- By Jenna Kunze
Just as easily as I found Lynn Hartman on my reporting trip to small-town Barre, Massachusetts last week, I could have missed her. I was traveling to Barre from New York City to report on a decades-long contentious issue between museum volunteers and South Dakota tribal members finally coming to a head. The crux of the story is this: The Barre Museum is said to have the largest collection of artifacts taken from the battlefield at Wounded Knee and later sold to a town resident. Those artifacts—including human hair, umbilical cords, scalps, and sacred objects—have remained on the top floor of the town’s library in their mostly-shuttered museum since 1892, when that Barre resident donated the artifacts to the museum. Though some Wounded Knee descendants asked for the artifacts back in the 90s, and then again at least once more in 2007, museum officials have said that disputed ownership claims have made it hard to know which entity to return the artifacts to.
Last week, two descendants of Wounded Knee, along with one of their wives, traveled from South Dakota to meet with the museum board and formally begin the process of returning pieces of their history. This is the story I came to Barre to report.
I was given Lynn’s number by the owner of the only B&B in town whose name appears in a google search. The owner, Joe, told me that his four rooms were booked, and directed me to Lynn.
Lynn Hartman has lived in Barre for more than 30 years as a mother, a florist, a farmer, and a volunteer. She is 75-years-old (a number she brings up more than once by way of differentiating herself from what is expected of someone who is 75-years-old: “I’m 75 years old and I still go running! I’ve got to pick up hay this morning—I’m 75-years-old!”) with wispy blond hair covered by a wool hat. Over the phone, she directed me to her sprawling farmhouse property via a shortcut, and discouraged me from speeding. When I arrived, past 10 p.m., she beckons me in.

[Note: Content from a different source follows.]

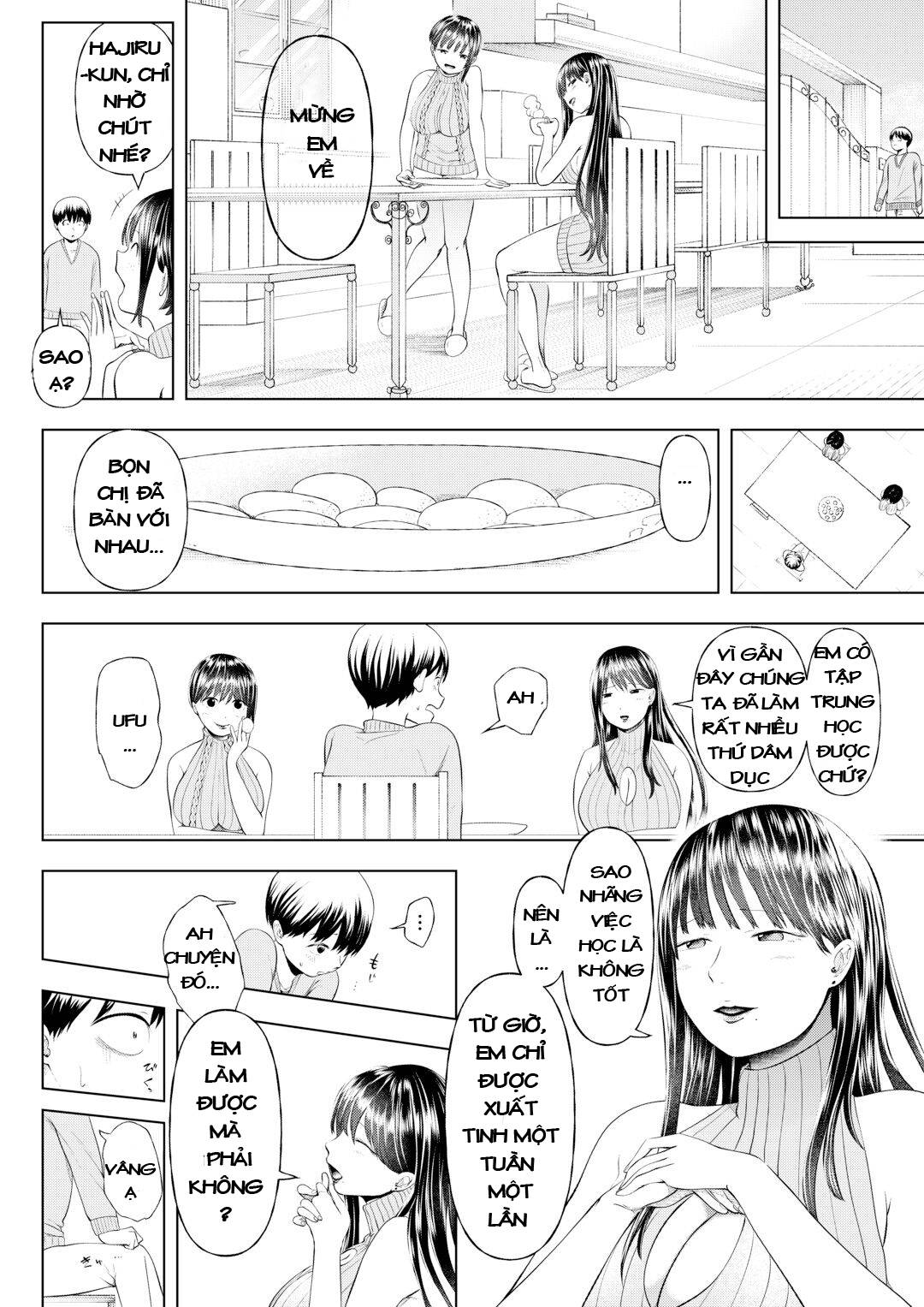 Trang 20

I figured you were a reporter, she said in greeting. In spite of this fact, or maybe because of it, Lynn helped me to do my job well. She audited her phone book and called friends from her Women’s Club and reached out to ex employees of the museum, personal friends who owed her favors, to speak with me. Just talk to her, she’s very sweet, I heard her say on the phone from the next room. And it worked.

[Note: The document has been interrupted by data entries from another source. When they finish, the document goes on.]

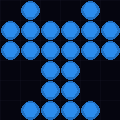 116.193.75.249
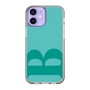 Slim Protection Case［ Original - initial color - B light green ］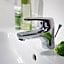 Good Rooms GmbH Bad Ischl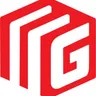 Gear Cloud Solutions logo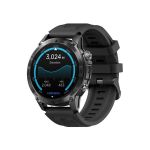 Zeblaze Stratos 2 Plus Smartwatch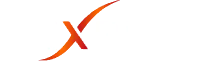 nexburn logo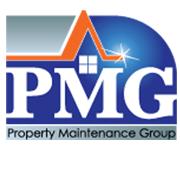 Property Maintenance Group, North York, ON opening hours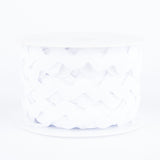 White Wave - Ribes y Casals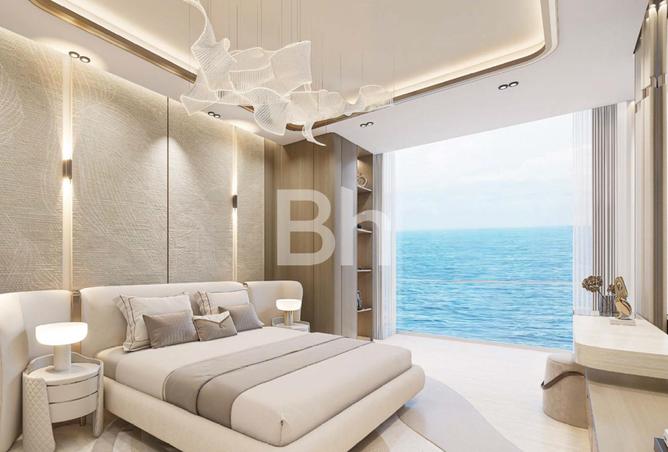 15243899 - صورة العقار 2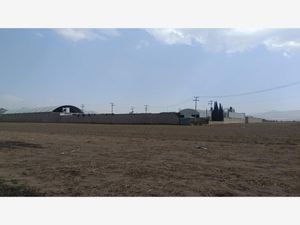 Terreno en Venta en Tlapipinca Cocotitlán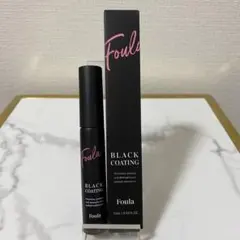 Item thumbnail for item 068b85dd-f11e-4554-81ed-479e8ca1863e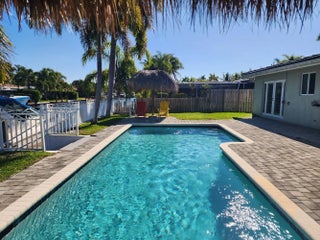 Photo of Listing #F10553974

Coming into new communities to conduct reporting typically presents challenges, but especially when the nature of your reporting is a contested issue where there are clear “sides,” and the side that I tend to represent is apparent in the name of the publication I write for. This is especially true in small communities where everyone knows everyone, and people don’t trust you to fairly represent their point of view. Residents would rather not say anything at all then speak out of turn, or mispeak, or piss off X person in Y position.
For the week leading up to the trip, I could barely get a museum board member to speak with me. Many weren’t there for the 30-year history, and didn’t feel they could speak with authority on the artifacts.
“Today, my spirit is happy,” Chief Henry Red Cloud of the Oglala Nation said in a town hall meeting later on Wednesday, after the board agreed to work with Wounded Knee survivors to return the artifacts. “It's been a battle…for my cousins, my uncles, my aunties before me, they also visited back in 1993 wanting the same at that time, but it wasn’t able to be.”
In an effort to report a balanced story with both points of view, I had to really track down—almost corner—museum representatives. Aside from one woman I reached by phone via a tip from a tribal member—who herself was reluctant to say much—I was coming up empty with a story that really only showed the Native perspective, with no explanation as to why the museum had kept these artifacts for decades and decades.
Lynn gave me handwritten notes of whose door to knock on in town—”the white house with the porch across from the gas station and next to the big red one”—posited which potential sources wasn’t worth my time, or had conflicting interests, and paved circuitous but ultimately successful paths into the story for me.
I spoke with old council members and teachers and residents who grew up with the vague knowledge of these artifacts existing on the third floor of the town library. Lynn herself said she knew about the “Indian artifacts” because of her children’s school field trips. She said that generations of Barre kids exploring the museum have been aware of the artifacts, whereas maybe not all of the adults knew.
For generations of kids have gone to the library, and gone up and looked at them. Right. And even my grandchildren like the kids always knew, but the adults maybe didn't.
“Now we get to be really educated in this time and turn them back to the original owners,” she said.
Upon my departure from my stay at Hatman’s Herb Farm—where each morning Lynn left out coffee, a carafe of OJ, the local town paper, and a new list of contacts for me to track down—I asked Lynn why she was so willing to help a journalist for a story she ostensibly had no stake in.
“I’m just willing to help anybody,” she said. “In giving you receive. I get the experience, and I don’t even have to leave here to learn something.”
Thank you to Lynn for nurturing my reporting, answering my questions and—for no apparent reason—for gifting me a sombrero on my way out the door.